While a bipartisan gun bill passed into US law this week, Roe vs. Wade was overturned. One step forward, two steps back. I encourage you to do whatever you can for your local (or national) women’s rights org. If you don’t have one yet, mine is Access Reproductive Justice, who are located in CA and help folks both within and outside CA receive care.
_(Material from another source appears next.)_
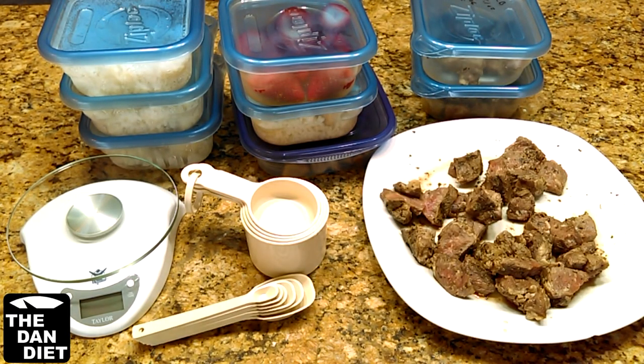Once you have the weight or measurement, the next step is to determine how many calories it is. I have a video on how to do this, and I'll put a link for that video in the description below.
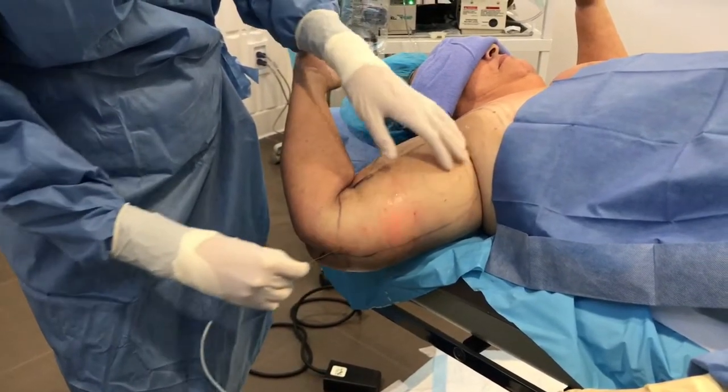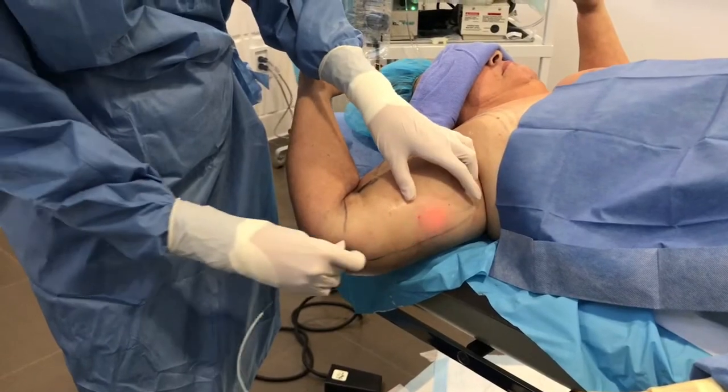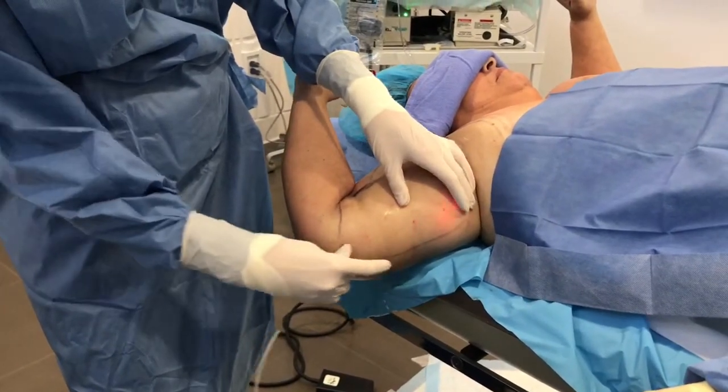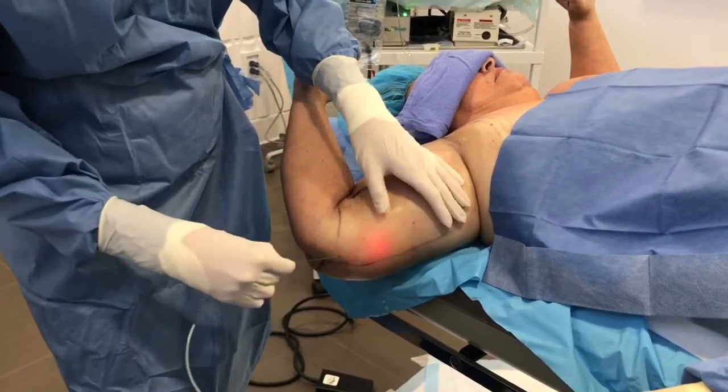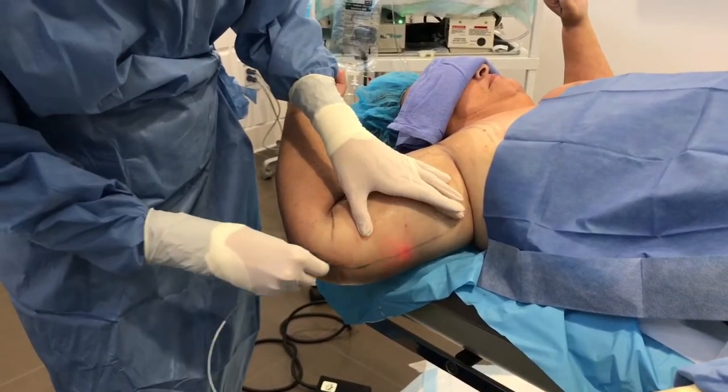I'll end up spanning this entire area. This procedure takes maybe about 10 to 15 minutes on either side, and it also helps prepare some of the fat so I can remove it a little bit more easily when we do the liposuction.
On a much less important note, EdTech Thoughts will be off next week and sporadic through July 31.
On to the news!
Funding / M&A / IPOs
Leap raises $75M: Leap’s various platforms provide test prep, financing, and university selection services to students around the world. The company has worked with 175K+ students over the past year, including facilitating Colorado State University’s MCIS program with students in India
Jobget raises $52M: It’s nice to have your assumptions reset every once in a while. I’ve long thought that a social media platform for blue-collar workers was out of reach. Twenty years in to Linkedin’s dominance of the professional social network world and neither they nor a competitor emerged with a solution for aggregating blue-collar jobs. And then, in the past two weeks, two companies raised $152M to focus on this demographic. Last week, it was Fountain, who raised $100M to get large employers bought in to managing their blue-collar workforce online. This week, it is Jobget, who has had 12M blue-collar workers sign up to use their platform
Wilco raises $7M: Wilco provides “game-like” workplace simulations such as “being notified via the workplace messaging app about a mysterious issue with the company’s application” to help junior employees practice both technical and soft skills.1 They are leaning into the junior employee training and assessment market HackerRank helped set the with their $60M fundraise back in March. What’s interesting to me is how these types of platforms/simulations evolve with greater market adoption, as forums and assessment prep companies spring up to help applicants navigate them
Neol raises $5M: Neol facilitates a membership community that it both upskills and deploys on paid consulting projects. The community is incentivized to bring in additional projects, training, and members via a Web3-driven ownership structure - sort of like a management consultancy with a more transparent partnership structure
Cinematic Health Education raises $4M: Cinematic Health provides video training content for certified nursing assistants (CNAs) and other allied health professions. This round will be used to expand both their content portfolio and go-to-market team
Kibo School raises $2M: GSV cup-winner Kibo School provides Computer Science degrees to students in select cities of Kenya, Nigeria, and Ghana for $6,000. Bucking the trend towards more asynchronous learning among online degree provides, Kibo creates consistent, live touchpoints for their students to keep them engaged. This starts with live project collaborations and extends to providing human mentors and even in-person meetups in Kibo’s target cities
Degreed acquires Learn In: Founded by David Blake in 2012, Degreed aggregates and sells professional learning content to employers. In 2018, Blake departed Degreed, though he remained Chairman of the board. In 2020, Blake raised venture capital as CEO of two new startups, Learn In and Book Club. Last year, Chris McCarthy, Blake’s chosen successor as Degreed CEO, stepped down for Dan Levin. Last week, Degreed announced that “Blake’s plans for the future of Degreed were divergent with the current direction”, so he would return as CEO of Degreed via the acquisition of Learn In
Marketing is great, evidence is better: ESSER funding appears to have provided an important stimulus to more EdTech organizations investing in increased efficacy research. Combined with organizations like Learn Platform lowering the financial hurdles to efficacy studies, “Sales is hearing it in the market: ‘We just lost this RFP to an organization that says they have evidence.’”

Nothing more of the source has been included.